A God of Compassion
and they made their lives bitter with hard labor in mortar and bricks and at all kinds of labor in the field, all their labors which they rigorously imposed on them. Exodus 1:14 NASB
Bitter – The biblical world is a world intoxicated with God. Our usual subject-object dichotomy evaporates. We are no longer the neutral observers cataloging and calculating the behavior of the world “outside” us. The biblical world is a world where everything is object, including us, because there is only one subject—God. In this world, God’s involvement with His creation is a manifestation of His voluntary engagement in all things. Every moment in time, action in the animate and inanimate world, involves God. This perspective has a significant implication for our experience of evil and for the way that we handle the biblical text regarding God’s interaction with the world. Rather than seeing evil as an independent force opposing God, the Bible expresses calamity with the idiomatic phrase, “hiding His face.” It is not the case that some super powerful, divine being challenges God’s sovereignty in a cosmic battle between good and evil. That idea evolves much later in theological constructions. In the early biblical texts, God Himself is sovereign even during “evil” experiences. As Zornberg writes: “‘hiding of His face’—conveys most powerfully the human experience of being abandoned by God. To suffer grinding, senseless labor, to lose one’s babies to the river, is to know the world as one where God indeed seems blind and deaf and unknowing. . . When He no longer hides His face, history changes; redemption becomes possible.”[1]
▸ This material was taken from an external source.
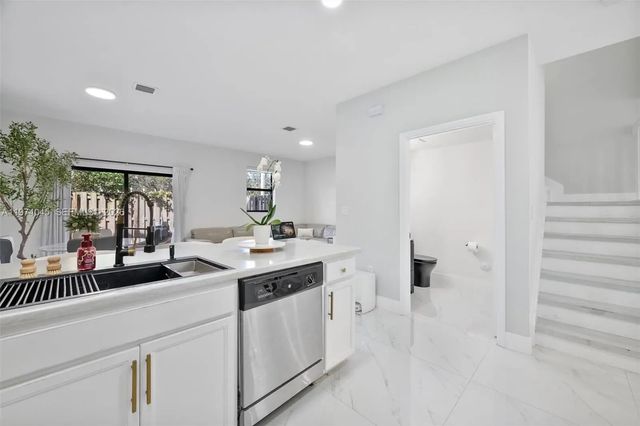 5 of 34 - 178 Se 33rd Terrace, Homestead, FL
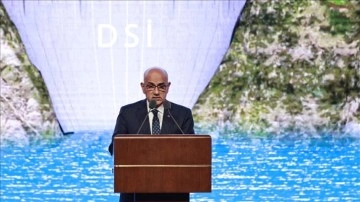 Bakan Kirişci: DSİ, dünyada ilk kez uygulanan projeleri milletimizin istifadesine sunmuştur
In the God-intoxicated world, the issue is never overcoming the Devil. It is rather pleading for God to turn His face toward us. When that happens, amazing things occur, both miraculous and natural, both saturated with God. The Bible describes this relationship between God and His world in emotional terms, like sorrow, regret, joy, laughter, anger, hope, frustration and love. Since we also experience these emotions, we recognize them when they are applied to God. But this kind of vocabulary created a serious difficulty for theologies based on Greek philosophy. Once theologians adopted the Greek idea of perfection as an attribute of God, all of this kind of language became impossible.
“The notion of a God of pathos whose chief characteristic is concern for and participation in the lives of his creatures is diametrically opposed to the main stream of Jewish, Moslem, and Christian metaphysical theology throughout the last two millennia. The ‘dogma of the philosophers,’ as Sextus Empiricus calls the idea that the Deity is impassible, was taken over by the speculative theologians, who, since Philo of Alexandria, endeavored to show by means of allegorization and various other exegetical devices that the anthropomorphic descriptions of God in the Hebrew Bible have to be reinterpreted so as to make him identical with the self-sufficient, impassible Deity of the philosophers. The difference between the Biblical and the Greek concepts of the Deity can largely be traced back to the fact that Greek philosophy takes its rise from the experience of reality as an ordered cosmos, while the Biblical mind begins with the experience of a divine subject whose creative act is the ground of all reality.”[2]
Anthropomorphism is a necessary component of any theology, Jewish, Muslim or Christian, that begins from Greek philosophy, because in that system, God cannot feel. Feelings are transitory. They change. And a God of absolute perfection is an immutable God, a God who cannot change (or He would no longer be God), a God who is impassible (logically without passions), a God who is diametrically opposite of the god portrayed in the Bible.
When the text tells us that God “hides His face,” we are not to take this as merely a human way of expressing our spiritual experience, unconnected to the actual transcendent Being of God. No, the Bible clearly wants us to recognize God’s emotions because those emotions intimately express His unwavering involvement with His creation. And we do recognize this fact—until we pick up a theological text and discover that the God of the Bible really isn’t God at all.
Topical Index: impassible, perfection, emotion, hiding the face, anthropomorphism, Exodus 1:14
[1] Avivah Gottlieb Zornberg, The Particulars of Rapture: Reflections on Exodus (Schocken Books, New York: 2001), p. 31.
[2] Fritz A. Rothschild, “Introduction,” in Abraham Heschel Between God and Man: An Interpretation of Judaism (Free Press Paperbacks, 1959), p. 27.